Monthly Archives: May 2016
Understanding the eye
To understand how contact lenses work, you first need to understand a little about the eye. At its most basic, light reflects off an object and passes through the cornea, the transparent covering of the eye. Next it travels to the pupil, the black part of the eye, and then through the lens, which focuses the rays on the retina at the back of the eye.
The retina is filled with things called rods and cones and these take the light and convert it to electrical impulses which are then sent to the brain for processing. When you get blurred vision, this is due to something called ‘refractive errors’ and is when the shape of the eye stops the light reaching the retina directly and leads to distortion.
Fixing those errors
So to fix those errors, we use a tiny plastic lens that corrects them by creating a film that makes contact with the eye (hence – contact lenses). They work in the same way as glasses to focus the light on the retina and allow the eye to work properly. There are a number of different types of errors that leads to different problems and require different prescriptions to correct.

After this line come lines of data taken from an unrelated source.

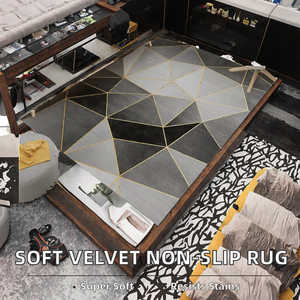 พรมกำมะหยี่คริสตัลโพลีเอสเตอร์เนื้อนุ่มพิเศษ ขนสั้น กันลื่น สำหรับตกแต่งบ้าน แคมป์ปิ้ง ห้องนั่งเล่น ห้องนอน - Product Image 2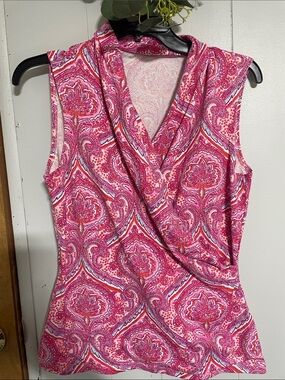 Women’s Pink Paisley Wrap-Front Sleeveless Camisole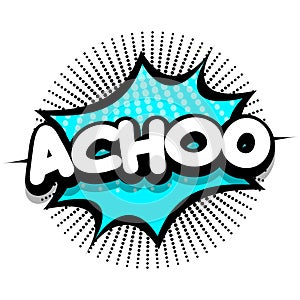 achoo Comic book explosion bubble vector illustration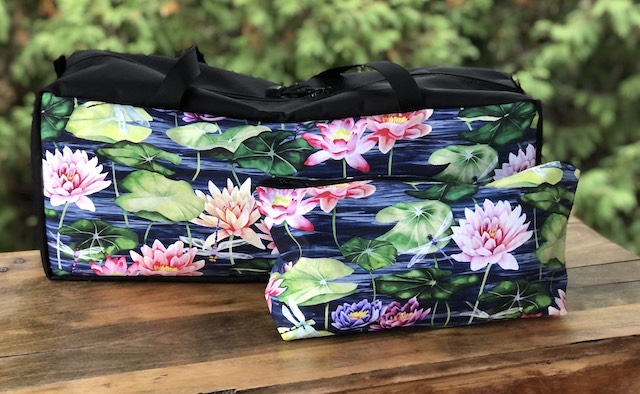 Dragonflies and Waterlilies Supa Dupa Mahjongg Storage Set, The Zippered Tote-ster, Large Zini, Racker and Mattie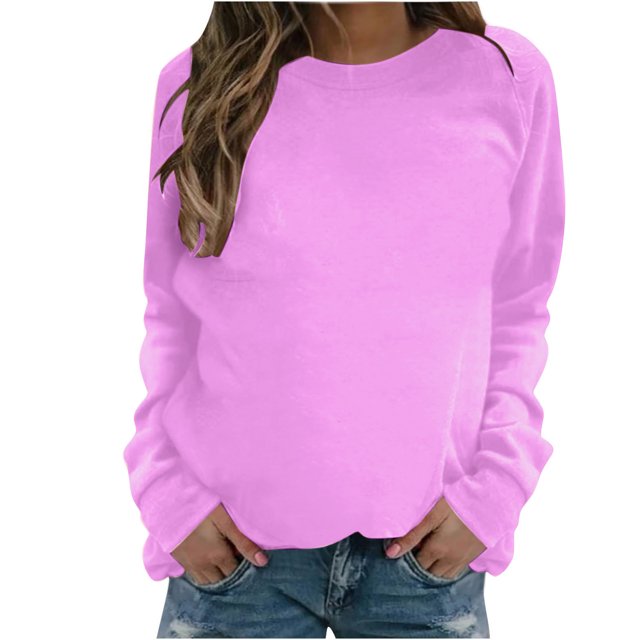 RKSTN Chandail pour Femmes Mode Couleur Unie Décontracté Manches Longues Col Rond Hauts Coupe Ajustée Chandail à Enfiler Mignon Léger Blouse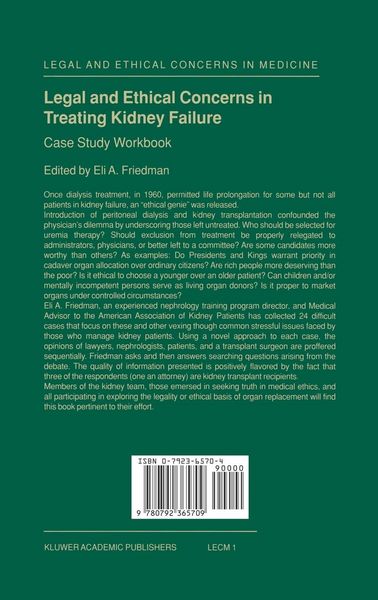 Produktbild: Legal and Ethical Concerns in Treating Kidney Failure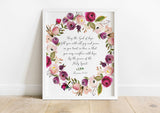 Graceful floral pattern with Romans 15:13 verse, Floral scripture art: Romans 15:13 print for home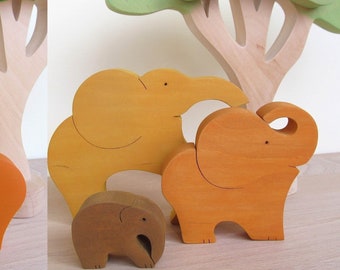 Christmas Gift, Wooden Animal Toy, Elephant Family stacking game, Wooden big TREE , Children's Gift, Organic Toddler Toys, Waldorf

Myopia or near-sightedness is where object far away appear blurred while objects close by seem clear. This happened when the light entering the eye isn’t correctly focused and is caused by the shape of the eye. This is one of the most common conditions and there are various contact lenses that correct it.
Hyperopia or farsightedness is the opposite, where items close by are blurred but those further away are clear. Again, this is relatively common and there are lots of lenses to correct it.
Presbyopia is an age-related condition similar to hyperopia where items close by become blurry but comes from a different cause. While hyperopia comes from the shape of the eye, presbyopia comes from the eye lens hardening with age. To correct the condition, multifocal lenses are often used as they can clear both the near and the far blurriness.
Finally, astigmatism is a condition where the irregular shape of the cornea or the lens stops the eye from focusing the light on the retina. A special category of lens is used to correct this condition, called a toric contact lens. Often, an image of a ball can be used to visualise the different – a sphere lens is like a beach ball where a toric lens is more like a rugby ball. An example of lenses to correct this condition are the Biofinity Toric lens.